*Action item*:
Below are some records. Write out the lines from the one containing "832 N Broadway" to the last line, word for word, leaving out pictures.

*Provided data*:
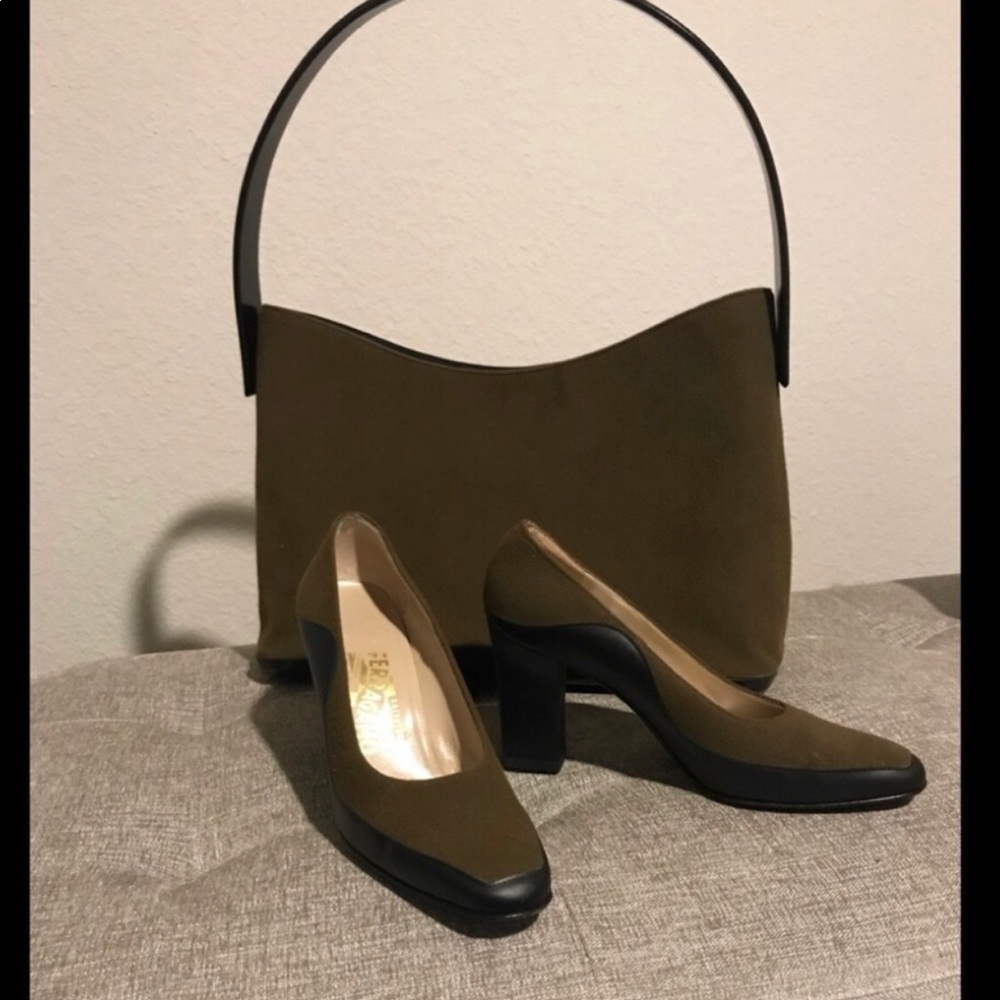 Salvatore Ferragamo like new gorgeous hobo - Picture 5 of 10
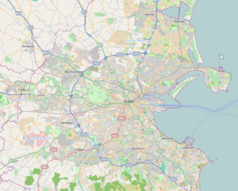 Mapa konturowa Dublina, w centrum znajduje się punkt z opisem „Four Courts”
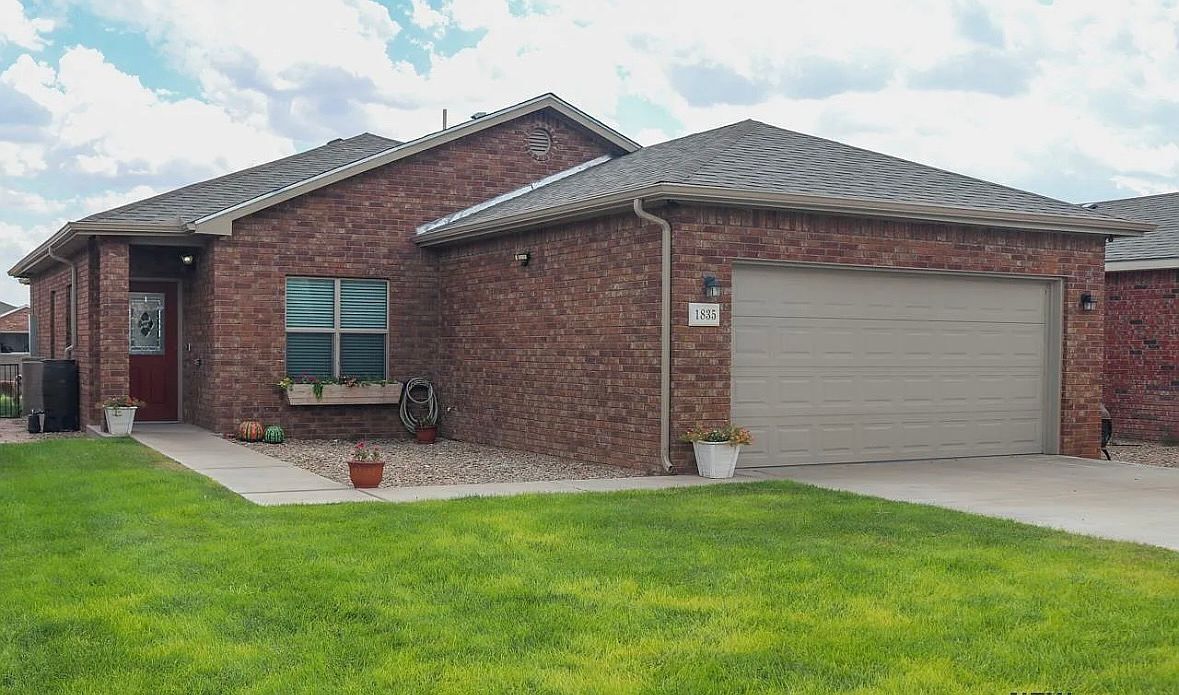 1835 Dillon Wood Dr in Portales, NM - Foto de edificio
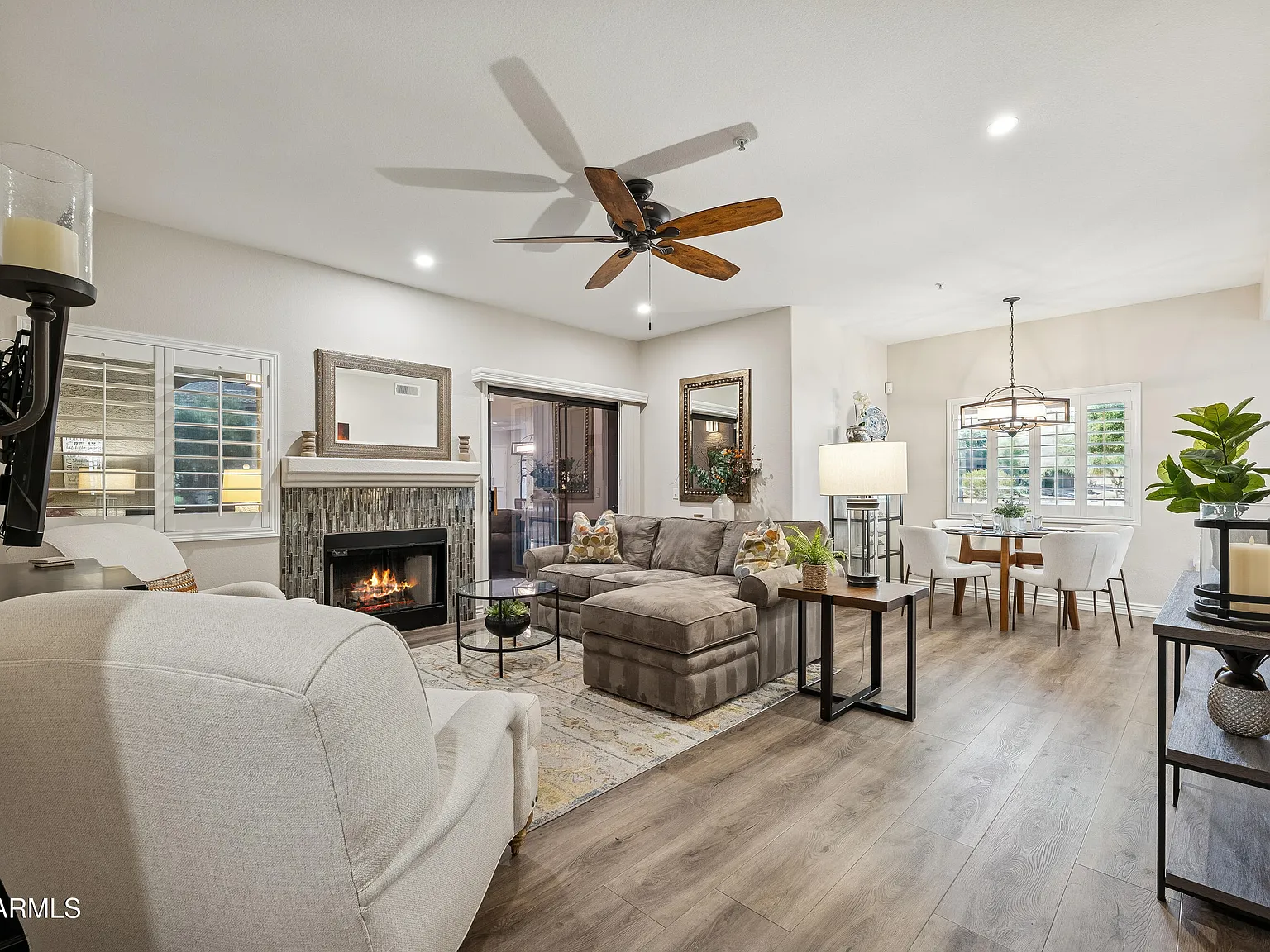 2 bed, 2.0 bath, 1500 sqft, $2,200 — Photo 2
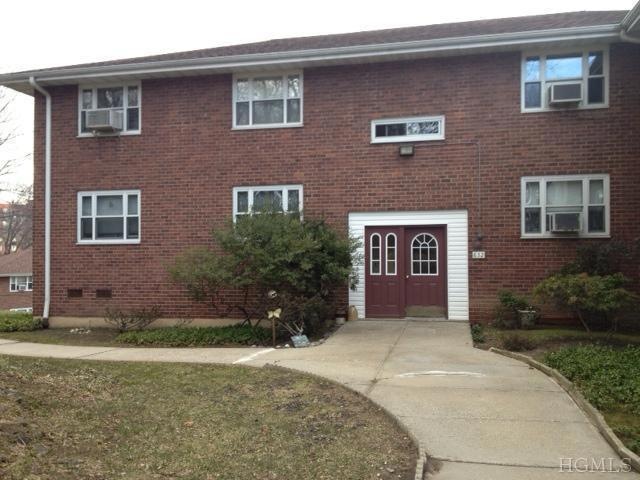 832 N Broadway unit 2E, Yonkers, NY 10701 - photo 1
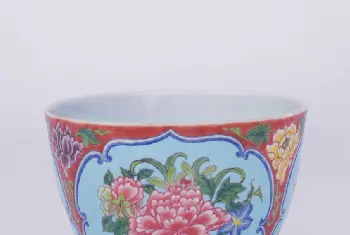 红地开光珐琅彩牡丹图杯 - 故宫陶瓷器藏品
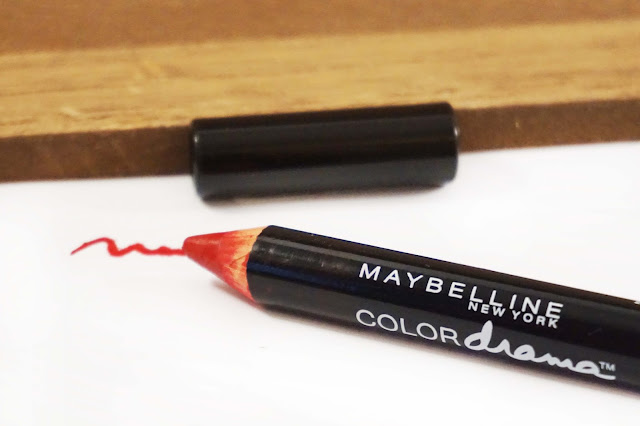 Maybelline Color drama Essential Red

*Reply to the exercise*:
 832 N Broadway unit 2E, Yonkers, NY 10701 - photo 1
 红地开光珐琅彩牡丹图杯 - 故宫陶瓷器藏品
 Maybelline Color drama Essential Red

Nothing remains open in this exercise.